Frank Zappa once issued a CD called Does Humor Belong in Music?, and it's a question he was obsessed with throughout his life. And probably one of the records that's most interesting to consider in this light is Cruising with Ruben and the Jets, because it's regularly taken to be a parody of sweet rock and roll, or doo-wop, with the idea that if you do a parody of something, you hate what you're parodying, and you're only doing it to trash it. But you can listen to Ruben and the Jets in a completely different way. My friend Danny Huston told me that he had had a love affair that broke up, and he went home and played Ruben and the Jets, and wept all the way through, and took it completely literally.
That's Ben Watson, speaking in Frank Zappa and the Mothers of Invention: In the 1960s, about what Zappa called his "neo-classical" album, Ruben and the Jets.
Stumbled across this last night and thought it would make a nice addition to the Jarrett and Sardelli posts.
Is it possible to ridicule (or critique) something and to love it -- I mean really love it -- at the same time?

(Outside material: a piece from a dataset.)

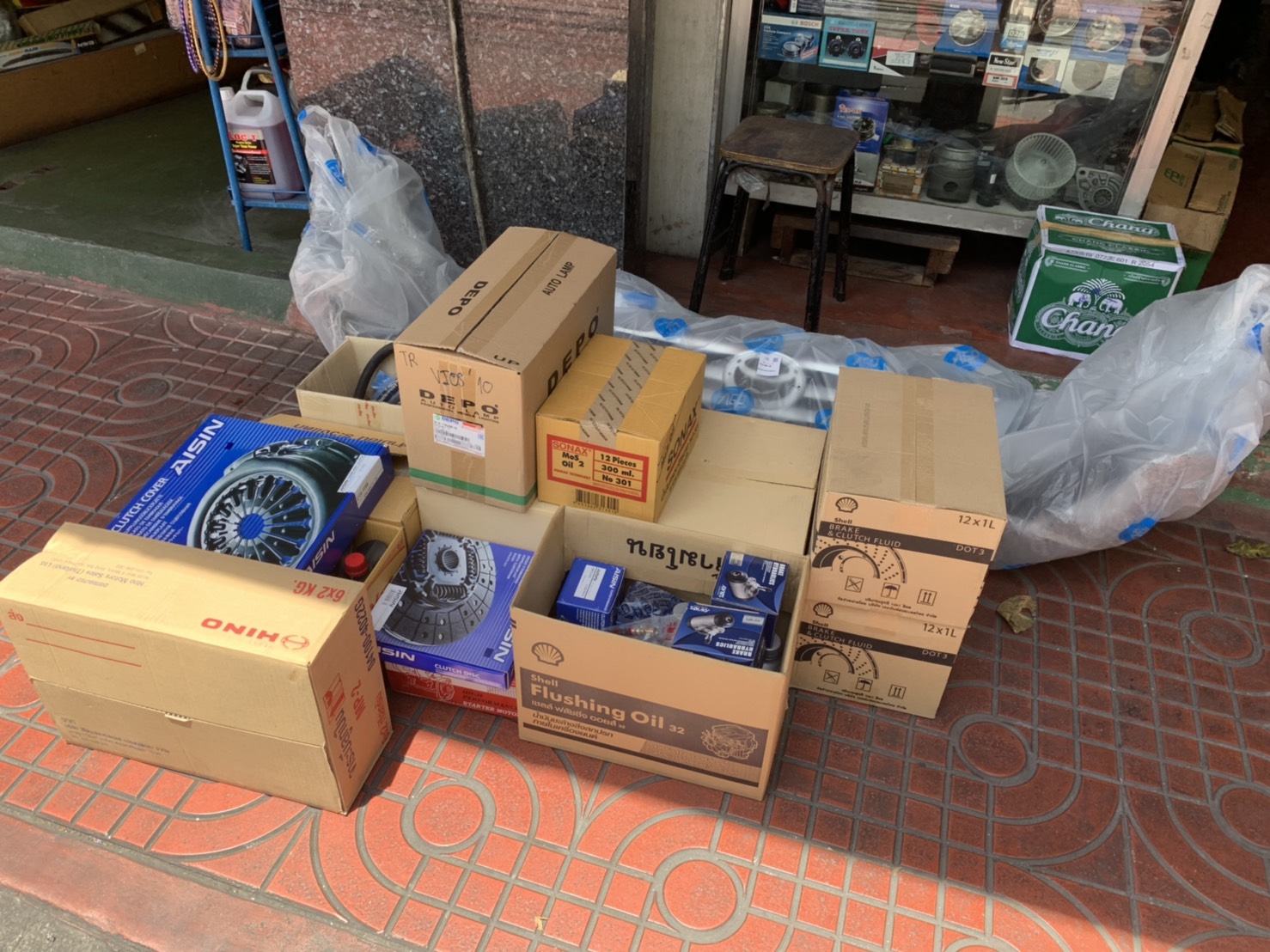 อะไหล่ช่วงล่าง กันชน น้ำมันเบรค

I think so. In fact, I would say that this is one of the more productive and useful dynamics in all of creativity -- it's one way of separating yourself from the things that have inspired you, so as to not merely reproduce what has gone before.
I would also suggest that the best human relationships are like this. No true love happens purely. Our honest disappointment in each other, our outsider's cold objectivity, makes our affection that much more meaningful.